Un tel prélèvement, c’est finalement prendre dans la poche du consommateur d’eau lorsqu’il règle sa facture, alors même que l’État reçoit déjà au passage la TVA sur ces factures d’eau, ce qui, si mes renseignements sont bons, représente 500 millions d’euros.
Fonds de roulement, ce n’est pas pour moi un gros mot car, même si l’argent doit circuler, il faut un fonds de roulement minimal puisque les redevances servent à financer des dépenses d’intervention, des investissements portés par des maîtres d’ouvrage locaux. Après le prélèvement de l’an dernier, certaines agences, car leur situation n’est pas uniforme, ont déjà dû revoir leur dixième programme d’intervention.
C’est donc l’investissement public local dans le domaine de l’eau qui est ainsi affecté. Vous qui, en tant qu’élu local, étiez impliqué dans l’agence de bassin Rhin-Meuse, monsieur le secrétaire d’État, vous devinez toutes les conséquences économiques que cela peut avoir sur les entreprises de ce secteur. Elles étaient probablement hier à Paris avec ceux du secteur du bâtiment et des travaux publics qui manifestaient. Je suis convaincu qu’en réduisant les possibilités d’intervention de l’investissement public local, dans ce domaine en particulier, nous accentuons le risque de récession.
Au-delà, il y a un débat plus profond, et je le dis en qualité de président du Comité national de l’eau. J’ai pris mon bâton de pèlerin après le prélèvement de 2014 pour tenter de convaincre le Premier ministre et le ministre du budget de l’époque ainsi que leurs conseillers budgétaires de ne pas renouveler un tel prélèvement. J’ai proposé d’autres solutions, en premier lieu l’élargissement des missions des agences de l’eau. À la faveur du texte relatif à la modernisation de l’action publique territoriale et à l’affirmation des métropoles, j’ai porté des amendements introduisant la GEMAPI, la gestion de l’eau des milieux aquatiques et la prévention des inondations.
Cela constitue déjà une évolution notoire, certes contestée par certains. Je considérais que c’était une extension du principe selon lequel l’eau paie l’eau et que, avec cette nouvelle compétence GEMAPI, nous introduisions le grand cycle de l’eau au-delà du petit cycle qui concerne l’eau et l’assainissement stricto sensu.
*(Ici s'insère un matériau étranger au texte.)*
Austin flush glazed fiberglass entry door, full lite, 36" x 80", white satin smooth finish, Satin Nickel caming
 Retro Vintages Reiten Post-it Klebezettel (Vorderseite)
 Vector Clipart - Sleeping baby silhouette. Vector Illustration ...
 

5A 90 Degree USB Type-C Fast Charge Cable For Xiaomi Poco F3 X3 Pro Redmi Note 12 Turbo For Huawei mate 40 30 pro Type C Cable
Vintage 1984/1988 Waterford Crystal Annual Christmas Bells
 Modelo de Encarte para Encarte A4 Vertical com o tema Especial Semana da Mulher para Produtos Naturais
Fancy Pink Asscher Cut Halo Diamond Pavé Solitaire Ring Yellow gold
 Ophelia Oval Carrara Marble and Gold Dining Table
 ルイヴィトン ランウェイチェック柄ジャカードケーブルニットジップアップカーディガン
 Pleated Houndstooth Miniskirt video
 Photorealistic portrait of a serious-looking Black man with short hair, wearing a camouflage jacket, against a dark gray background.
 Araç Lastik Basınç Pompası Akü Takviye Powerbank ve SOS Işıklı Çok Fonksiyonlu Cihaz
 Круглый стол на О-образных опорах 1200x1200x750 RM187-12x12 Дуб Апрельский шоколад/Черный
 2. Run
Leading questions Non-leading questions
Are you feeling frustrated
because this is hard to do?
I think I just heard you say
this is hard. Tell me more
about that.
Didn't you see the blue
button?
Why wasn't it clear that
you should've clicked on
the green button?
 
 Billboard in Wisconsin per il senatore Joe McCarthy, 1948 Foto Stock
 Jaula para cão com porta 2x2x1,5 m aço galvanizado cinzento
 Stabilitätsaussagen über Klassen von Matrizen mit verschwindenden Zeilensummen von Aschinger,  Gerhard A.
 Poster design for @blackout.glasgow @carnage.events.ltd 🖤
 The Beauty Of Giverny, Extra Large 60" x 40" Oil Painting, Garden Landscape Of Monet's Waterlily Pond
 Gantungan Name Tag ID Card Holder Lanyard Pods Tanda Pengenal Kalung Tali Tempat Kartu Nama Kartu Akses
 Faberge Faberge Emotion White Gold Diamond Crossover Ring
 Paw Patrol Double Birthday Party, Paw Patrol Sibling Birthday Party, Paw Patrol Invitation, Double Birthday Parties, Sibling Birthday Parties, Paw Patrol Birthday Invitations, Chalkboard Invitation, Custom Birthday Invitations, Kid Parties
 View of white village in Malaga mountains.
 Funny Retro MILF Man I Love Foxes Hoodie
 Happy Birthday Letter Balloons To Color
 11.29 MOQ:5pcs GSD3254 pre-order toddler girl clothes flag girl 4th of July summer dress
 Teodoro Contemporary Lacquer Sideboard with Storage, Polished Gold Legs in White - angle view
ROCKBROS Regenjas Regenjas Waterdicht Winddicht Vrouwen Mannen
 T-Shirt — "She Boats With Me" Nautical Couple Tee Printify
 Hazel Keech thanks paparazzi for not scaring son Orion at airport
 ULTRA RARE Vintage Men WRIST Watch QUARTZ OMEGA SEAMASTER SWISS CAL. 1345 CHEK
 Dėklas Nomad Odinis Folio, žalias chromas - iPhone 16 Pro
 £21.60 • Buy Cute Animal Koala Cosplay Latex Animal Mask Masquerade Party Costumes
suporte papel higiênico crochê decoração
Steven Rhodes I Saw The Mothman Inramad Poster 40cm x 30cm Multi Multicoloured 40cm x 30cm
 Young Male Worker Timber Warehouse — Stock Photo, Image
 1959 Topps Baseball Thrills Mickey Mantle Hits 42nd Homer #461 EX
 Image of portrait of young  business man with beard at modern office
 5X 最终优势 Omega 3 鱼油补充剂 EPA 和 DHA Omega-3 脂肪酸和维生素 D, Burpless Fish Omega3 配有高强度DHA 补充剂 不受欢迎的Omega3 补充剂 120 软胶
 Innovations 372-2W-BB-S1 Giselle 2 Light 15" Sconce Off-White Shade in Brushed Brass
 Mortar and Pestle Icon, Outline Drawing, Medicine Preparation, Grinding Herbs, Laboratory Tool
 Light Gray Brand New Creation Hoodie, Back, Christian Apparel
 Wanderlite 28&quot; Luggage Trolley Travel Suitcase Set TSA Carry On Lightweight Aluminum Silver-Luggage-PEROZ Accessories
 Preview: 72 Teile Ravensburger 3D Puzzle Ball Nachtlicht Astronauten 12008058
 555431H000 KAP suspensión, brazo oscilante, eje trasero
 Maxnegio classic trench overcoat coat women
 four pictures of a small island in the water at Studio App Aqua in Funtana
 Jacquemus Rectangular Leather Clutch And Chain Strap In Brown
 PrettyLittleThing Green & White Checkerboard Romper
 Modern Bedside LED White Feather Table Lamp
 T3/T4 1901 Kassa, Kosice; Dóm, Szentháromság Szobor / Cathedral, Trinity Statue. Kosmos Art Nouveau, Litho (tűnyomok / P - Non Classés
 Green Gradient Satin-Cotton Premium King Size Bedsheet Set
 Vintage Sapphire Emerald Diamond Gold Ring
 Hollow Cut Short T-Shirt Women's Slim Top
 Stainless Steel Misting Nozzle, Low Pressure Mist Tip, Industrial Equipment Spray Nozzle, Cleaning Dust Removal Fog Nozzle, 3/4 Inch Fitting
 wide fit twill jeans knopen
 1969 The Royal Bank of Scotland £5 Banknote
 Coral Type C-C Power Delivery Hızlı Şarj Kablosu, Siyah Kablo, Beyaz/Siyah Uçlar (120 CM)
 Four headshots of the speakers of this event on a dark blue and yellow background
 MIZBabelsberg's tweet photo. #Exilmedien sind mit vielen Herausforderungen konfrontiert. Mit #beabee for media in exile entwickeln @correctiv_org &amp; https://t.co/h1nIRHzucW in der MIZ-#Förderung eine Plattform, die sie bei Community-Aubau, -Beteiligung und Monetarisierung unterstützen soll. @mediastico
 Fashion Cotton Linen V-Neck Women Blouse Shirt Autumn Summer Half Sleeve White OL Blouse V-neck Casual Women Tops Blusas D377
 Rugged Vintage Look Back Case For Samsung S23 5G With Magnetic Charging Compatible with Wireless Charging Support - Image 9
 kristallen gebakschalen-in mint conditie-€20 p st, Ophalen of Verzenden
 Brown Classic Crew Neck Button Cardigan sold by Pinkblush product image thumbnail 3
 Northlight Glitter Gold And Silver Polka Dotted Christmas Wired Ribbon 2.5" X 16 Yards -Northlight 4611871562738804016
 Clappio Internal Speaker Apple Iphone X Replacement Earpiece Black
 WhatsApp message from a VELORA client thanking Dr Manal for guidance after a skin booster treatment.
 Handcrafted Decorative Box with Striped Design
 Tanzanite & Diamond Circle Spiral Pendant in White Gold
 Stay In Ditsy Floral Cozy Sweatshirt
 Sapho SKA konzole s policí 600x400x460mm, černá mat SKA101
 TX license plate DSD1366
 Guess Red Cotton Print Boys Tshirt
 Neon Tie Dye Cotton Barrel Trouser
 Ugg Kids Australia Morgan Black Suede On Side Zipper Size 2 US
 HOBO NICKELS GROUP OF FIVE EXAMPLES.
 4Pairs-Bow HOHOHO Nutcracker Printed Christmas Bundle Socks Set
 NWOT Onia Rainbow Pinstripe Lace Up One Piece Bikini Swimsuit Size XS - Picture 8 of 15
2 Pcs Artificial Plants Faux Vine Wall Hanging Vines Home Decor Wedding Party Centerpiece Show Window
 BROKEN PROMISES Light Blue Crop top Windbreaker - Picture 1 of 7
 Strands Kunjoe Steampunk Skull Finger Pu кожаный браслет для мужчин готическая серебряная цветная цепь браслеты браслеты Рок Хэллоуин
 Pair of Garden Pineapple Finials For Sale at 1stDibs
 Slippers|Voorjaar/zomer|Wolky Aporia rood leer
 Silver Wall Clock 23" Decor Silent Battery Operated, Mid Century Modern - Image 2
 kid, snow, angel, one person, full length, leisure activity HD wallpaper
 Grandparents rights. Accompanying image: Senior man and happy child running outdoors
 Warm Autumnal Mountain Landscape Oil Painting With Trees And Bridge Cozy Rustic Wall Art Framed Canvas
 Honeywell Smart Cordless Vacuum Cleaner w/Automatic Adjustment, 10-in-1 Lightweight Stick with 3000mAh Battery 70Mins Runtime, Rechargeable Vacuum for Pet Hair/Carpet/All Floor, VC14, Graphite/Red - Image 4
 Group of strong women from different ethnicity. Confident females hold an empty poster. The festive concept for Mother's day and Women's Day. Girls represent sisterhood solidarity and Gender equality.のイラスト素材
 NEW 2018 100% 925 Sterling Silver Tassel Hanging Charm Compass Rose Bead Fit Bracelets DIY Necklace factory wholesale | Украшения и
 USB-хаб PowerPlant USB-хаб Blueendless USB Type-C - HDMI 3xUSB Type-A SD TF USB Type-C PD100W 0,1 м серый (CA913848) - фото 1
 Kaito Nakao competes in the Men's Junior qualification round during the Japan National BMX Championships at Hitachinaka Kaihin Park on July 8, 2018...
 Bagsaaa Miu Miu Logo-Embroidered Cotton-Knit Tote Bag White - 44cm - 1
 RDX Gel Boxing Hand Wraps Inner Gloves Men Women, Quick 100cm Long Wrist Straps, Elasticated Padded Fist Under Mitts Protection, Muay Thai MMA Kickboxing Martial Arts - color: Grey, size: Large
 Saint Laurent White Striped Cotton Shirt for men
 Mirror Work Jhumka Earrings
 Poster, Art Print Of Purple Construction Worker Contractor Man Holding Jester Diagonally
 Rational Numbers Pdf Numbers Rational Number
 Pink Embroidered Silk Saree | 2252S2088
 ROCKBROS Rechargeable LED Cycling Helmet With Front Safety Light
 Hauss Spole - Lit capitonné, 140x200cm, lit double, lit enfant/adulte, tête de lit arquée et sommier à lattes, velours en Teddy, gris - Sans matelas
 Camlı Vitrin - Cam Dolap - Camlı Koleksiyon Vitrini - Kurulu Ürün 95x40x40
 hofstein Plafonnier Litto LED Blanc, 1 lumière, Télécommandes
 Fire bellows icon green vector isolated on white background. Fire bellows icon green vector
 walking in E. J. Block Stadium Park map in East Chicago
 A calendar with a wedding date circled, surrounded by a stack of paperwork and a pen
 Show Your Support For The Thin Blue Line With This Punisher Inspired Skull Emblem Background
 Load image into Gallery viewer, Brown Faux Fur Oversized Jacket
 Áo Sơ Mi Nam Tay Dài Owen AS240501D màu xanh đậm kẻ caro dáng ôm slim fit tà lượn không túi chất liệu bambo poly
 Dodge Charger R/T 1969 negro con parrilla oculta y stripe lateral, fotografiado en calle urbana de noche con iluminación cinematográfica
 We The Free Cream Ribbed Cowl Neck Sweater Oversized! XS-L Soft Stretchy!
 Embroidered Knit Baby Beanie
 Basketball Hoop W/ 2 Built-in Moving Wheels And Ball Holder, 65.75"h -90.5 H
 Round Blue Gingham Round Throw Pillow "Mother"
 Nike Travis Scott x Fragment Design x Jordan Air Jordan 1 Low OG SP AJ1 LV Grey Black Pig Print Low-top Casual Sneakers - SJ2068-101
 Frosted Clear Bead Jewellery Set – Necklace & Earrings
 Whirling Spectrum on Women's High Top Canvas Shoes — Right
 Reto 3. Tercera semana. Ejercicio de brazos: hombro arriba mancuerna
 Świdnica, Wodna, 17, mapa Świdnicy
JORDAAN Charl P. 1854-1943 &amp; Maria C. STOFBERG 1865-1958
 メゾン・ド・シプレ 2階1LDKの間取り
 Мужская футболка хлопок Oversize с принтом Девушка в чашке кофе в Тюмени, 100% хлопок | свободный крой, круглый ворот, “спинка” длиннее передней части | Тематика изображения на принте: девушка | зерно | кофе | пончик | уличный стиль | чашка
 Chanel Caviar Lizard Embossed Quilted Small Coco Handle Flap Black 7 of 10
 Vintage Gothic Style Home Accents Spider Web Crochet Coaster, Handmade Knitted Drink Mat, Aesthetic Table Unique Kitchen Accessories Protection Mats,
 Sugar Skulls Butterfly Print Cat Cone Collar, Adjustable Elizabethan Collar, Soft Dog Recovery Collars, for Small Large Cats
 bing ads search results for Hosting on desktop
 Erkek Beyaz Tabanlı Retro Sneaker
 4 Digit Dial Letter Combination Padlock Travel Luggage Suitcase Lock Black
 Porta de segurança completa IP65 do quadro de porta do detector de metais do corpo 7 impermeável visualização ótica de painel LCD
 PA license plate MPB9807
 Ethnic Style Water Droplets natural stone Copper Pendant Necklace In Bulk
Je continue de plaider pour cet élargissement, sans toutefois aller au-delà. Demain, nous ouvrirons le débat sur la biodiversité. Elle peut être aquatique et, partant, supportable par les agences, dans le cadre de l’élargissement de leurs missions. Ce n’est pas le cas toutefois de la biodiversité sèche. Nous aurons ce débat prochainement, mais il est déjà là en filigrane.
Avec ce prélèvement et l’élargissement des missions, c’est in fine la double peine qui va s’imposer aux agences et les mettre en difficulté. Les risques, je le répète et le regrette, sont doubles : de véritables difficultés économiques pour les entreprises du secteur ; un recul quant à l’atteinte des objectifs que nous impose la directive-cadre sur l’eau, laquelle, par ailleurs, nous laisse, dans un certain nombre de domaines, sous la menace d’astreintes de l’Union européenne. Ce serait un comble qu’en n’assumant pas nos dépenses dans ce secteur nous soyons obligés de verser des pénalités à l’Europe. Voilà qui serait tout à fait contre-productif pour nos finances publiques.